### EXERCISE BRIEF
Pictures appear among the records below and must be omitted. Repeat exactly the lines from the line with "Hammered Brass Choker" to the line with "105 Capitol St #7 — Photo 2", both included.

(RECORDS TO USE Opens)

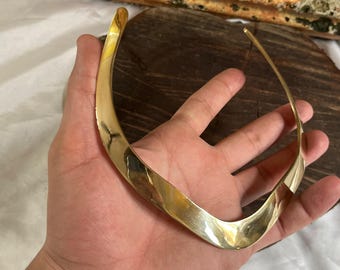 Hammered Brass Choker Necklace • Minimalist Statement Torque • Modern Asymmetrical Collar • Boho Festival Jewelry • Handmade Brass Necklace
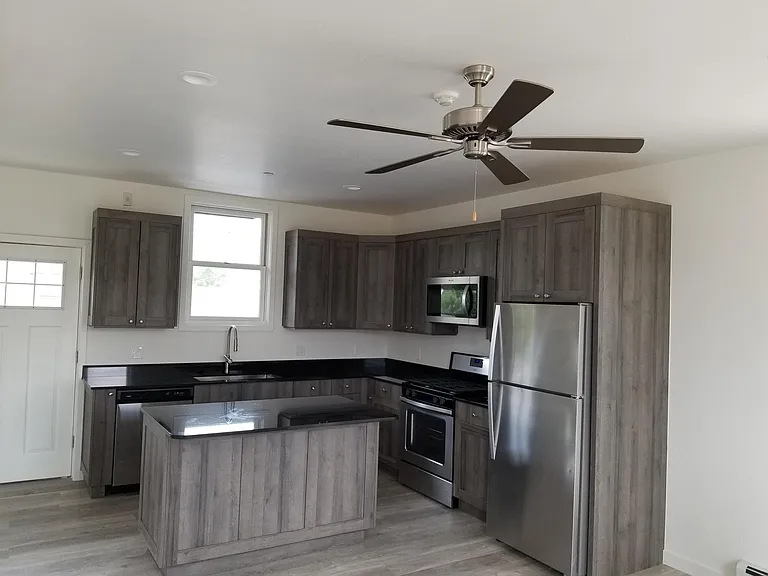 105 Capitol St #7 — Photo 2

(RECORDS TO USE Closes)
(RECORDS TO USE Opens)

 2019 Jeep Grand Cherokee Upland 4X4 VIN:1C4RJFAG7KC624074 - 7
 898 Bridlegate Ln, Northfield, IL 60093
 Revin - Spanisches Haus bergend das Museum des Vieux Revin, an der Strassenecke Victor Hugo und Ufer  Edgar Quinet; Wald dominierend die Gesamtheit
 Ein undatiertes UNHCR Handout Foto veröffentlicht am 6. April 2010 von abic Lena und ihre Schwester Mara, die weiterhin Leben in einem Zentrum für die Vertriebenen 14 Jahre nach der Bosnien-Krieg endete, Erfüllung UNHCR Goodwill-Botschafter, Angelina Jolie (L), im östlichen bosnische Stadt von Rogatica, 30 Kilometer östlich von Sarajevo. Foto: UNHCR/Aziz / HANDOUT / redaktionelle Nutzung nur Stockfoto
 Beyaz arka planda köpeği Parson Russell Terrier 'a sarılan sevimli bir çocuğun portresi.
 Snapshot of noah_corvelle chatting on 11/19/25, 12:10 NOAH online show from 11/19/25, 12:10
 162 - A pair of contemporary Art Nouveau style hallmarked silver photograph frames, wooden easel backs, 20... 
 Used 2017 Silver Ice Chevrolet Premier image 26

(RECORDS TO USE Closes)

### RESPONSE
 Hammered Brass Choker Necklace • Minimalist Statement Torque • Modern Asymmetrical Collar • Boho Festival Jewelry • Handmade Brass Necklace
 105 Capitol St #7 — Photo 2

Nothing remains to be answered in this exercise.